## What you need to do
Down to the last line, set down the listing below exactly, apart from its pictures.

## Given records
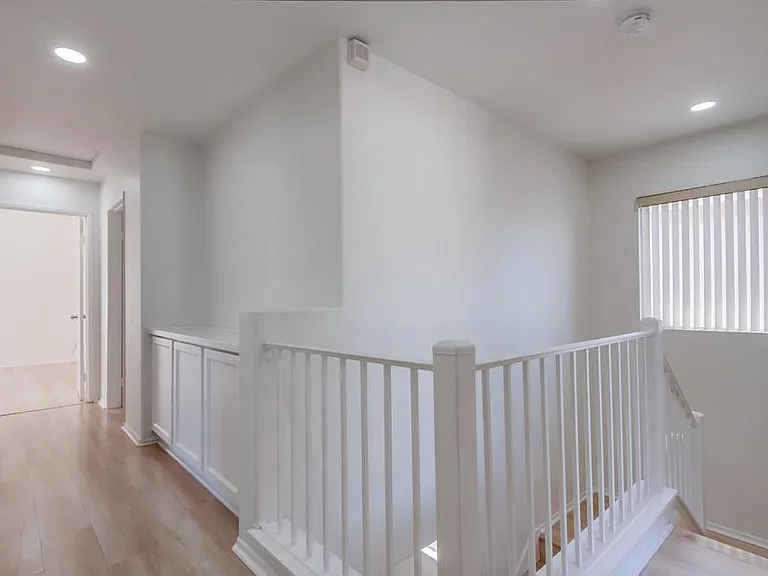 11655-8 Compass Point Dr N — Photo 23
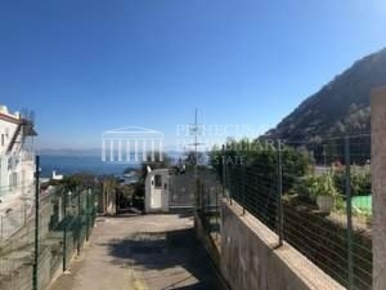 Foto Villa unifamiliare in Via III Traversa Quercia, Casamicciola Terme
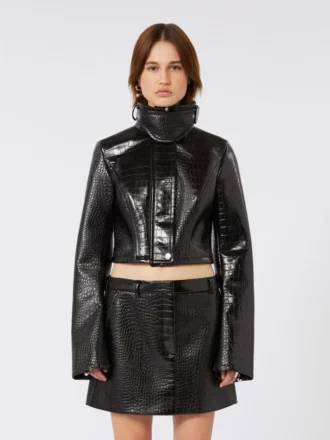 Chaqueta corta de charol con estampado de cocodrilo, negra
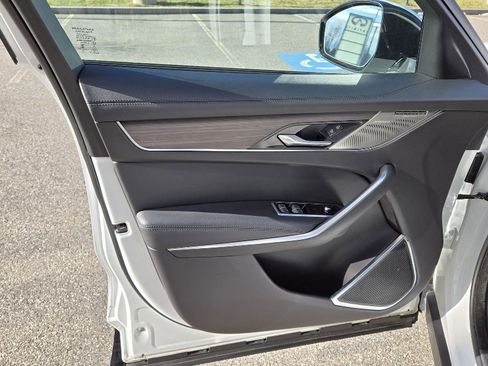 Used 2023 Jaguar F-PACE S image 8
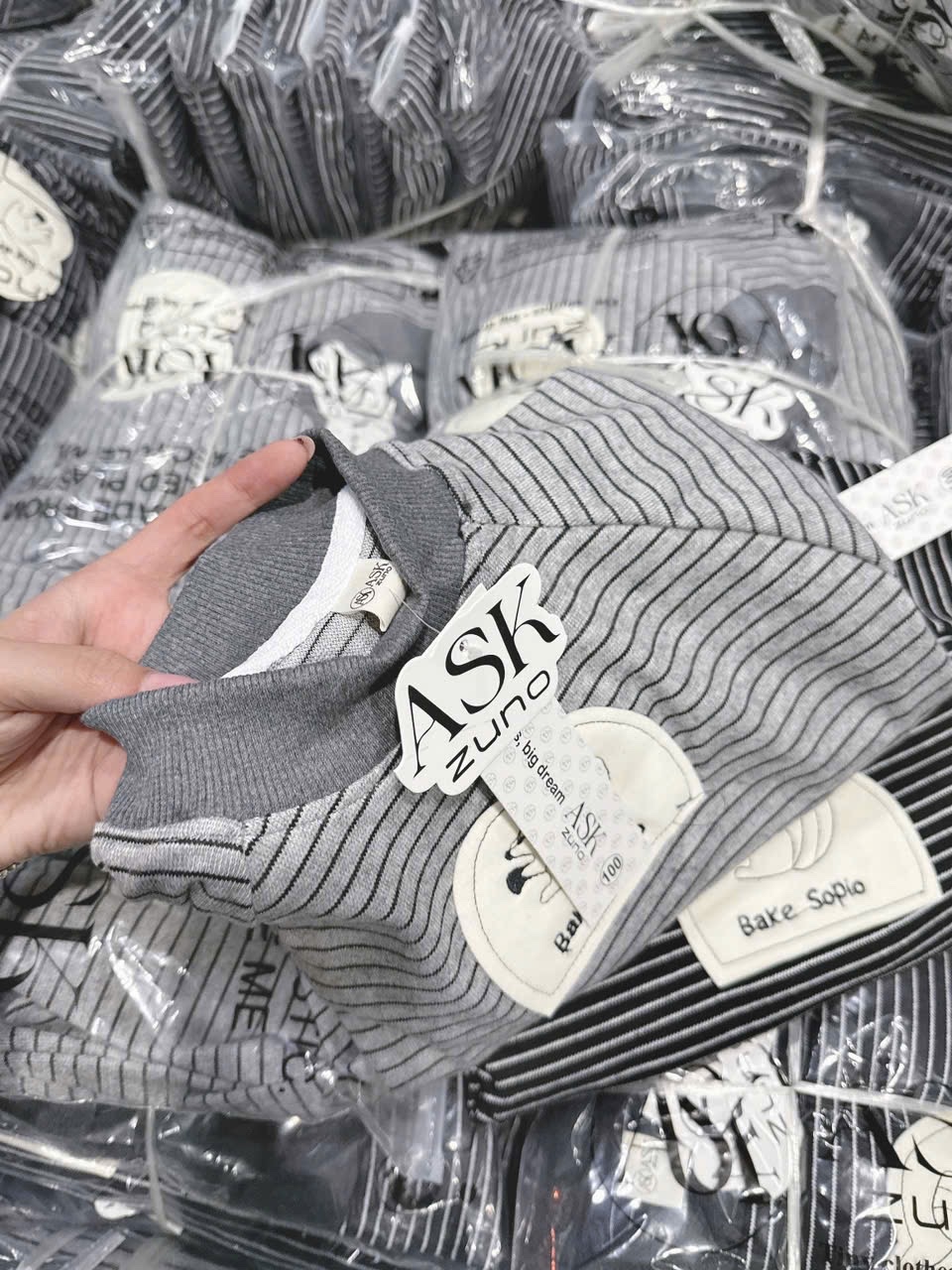 T054 - BỘ NỈ BÉ TRAI KẺ NGANG CỔ BO THÊU SÓC Bake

## Task result
 11655-8 Compass Point Dr N — Photo 23
 Foto Villa unifamiliare in Via III Traversa Quercia, Casamicciola Terme
 Chaqueta corta de charol con estampado de cocodrilo, negra
 Used 2023 Jaguar F-PACE S image 8
 T054 - BỘ NỈ BÉ TRAI KẺ NGANG CỔ BO THÊU SÓC Bake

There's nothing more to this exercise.